Born on 23 April 1811, White started out following in his father’s footsteps as a skilled tradesman, crafting furniture but also reading and writing in his spare time to improve his mind. He experienced difficulty in supporting himself and his family, emigrating from England to America but returning after five years and finding clerical work. A glowing reference sent from James Simpson via Edwin Chadwick to Charles Weld, then Assistant Secretary of the Royal Society, in 1844, secured White a role in the library of the Royal Society where he settled for the remainder of his working life. The Society impacted on his life significantly by not only giving him a secure professional position, but also giving him the means and time to travel and write; and moreover providing opportunities to meet a wide range of prominent figures, both scientific and literary.

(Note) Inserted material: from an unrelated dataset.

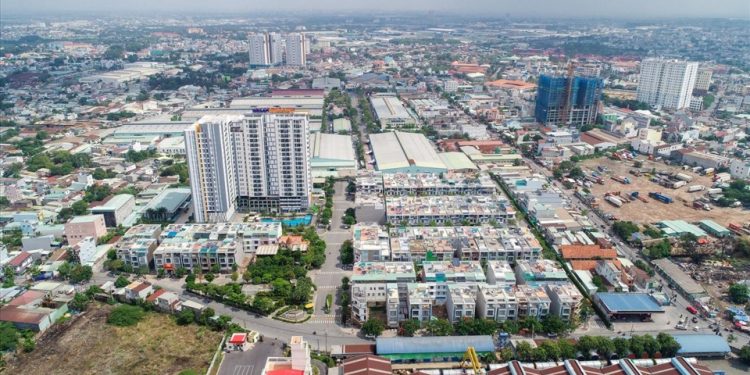 Doanh nghiệp bất động sản “mệt mỏi” xoay dòng vốn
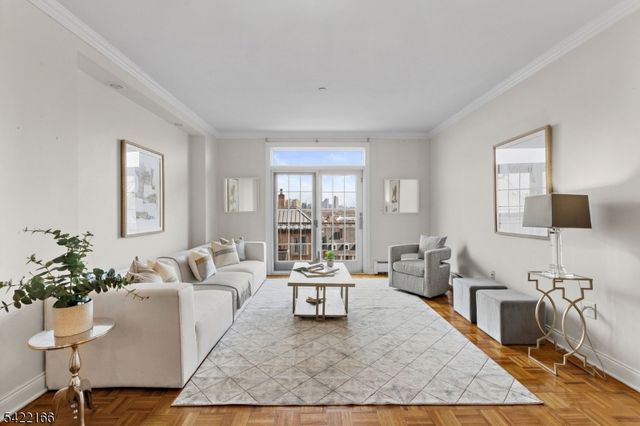 207 Shearwater Ct 66, Jersey City, NJ 07305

During his time at the Royal Society, White’s journal is littered with casual references to major scientific figures he encountered on a regular – if not quite day-to-day – basis. Darwin, Huxley, Babbage, Wheatstone, General Sabine and Lyell are among those who he holds conversations with on a range of topics from the daily business of the Society to the electric telegraph to the publication of On the Origin of Species. White provides the reader with an intriguing insider’s view of the society, indicating the temperaments of some of the more troublesome Fellows:
“Dr. Mantell’s paper read this evening at the Royal Society supplies some omissions in Professor Owen’s paper on the same subject, for which the Royal Medal was awarded some years since. A warm discussion ensued; first Mr. Christie grew angry because Dr. Mantell wished to read a short supplement. Mr. Owen spoke at some length, throwing discredit and contempt on the whole paper. Mr. Bowerbank in favour. Then Dr. Buckland in a most luminous and humorous discourse, then Dr. Carpenter inclining to Mr. Owen’s view. Mr. Gray made a few remarks, and at past eleven o’clock Dr. Mantell replied. The most interesting meeting which I have yet known at the Royal Society.” (The Journals of Walter White pp.83-4 March 23 1848)
Occurrences such as this appear fairly rare, as most meetings that White refers to – which he does not do especially regularly – are simply written of as ‘quiet’.
White appears to have taken an interest in science, attending lectures at the Royal Institution and reading works such as Robert Chambers’ Vestiges of the Natural History of Creation (1844). This interest did not filter extensively through to his writing, though it is certain that his poem ‘Erebus and Terror’ (1860) was inspired during his time at the Royal Society. ‘Erebus and Terror’ documented the fate of the doomed Franklin expedition, the subject of a report to the Royal Society presented by Captain McClintock in 1859. White had met Franklin during his time at the Royal Society and had already written an article entitled ‘Arctic Explorations’ for Chambers’ Papers for the People which was published in 1850, indicating his prior knowledge of the subject when he wrote the poem.
White retired from the Royal Society in 1885, being awarded as a mark of appreciation his full salary until his death in 1893. His journals were published posthumously in 1898 by his brother, William, through the publishers Chapman and Hall, who White had not only worked with but maintained a personal friendship with J. Chapman during his writing career. While he did not extensively write on science or scientists, his journal makes evident the gratitude he felt to the Royal Society for enabling him to pursue his ambitions, and cements White in the position of a successfully self-educated man.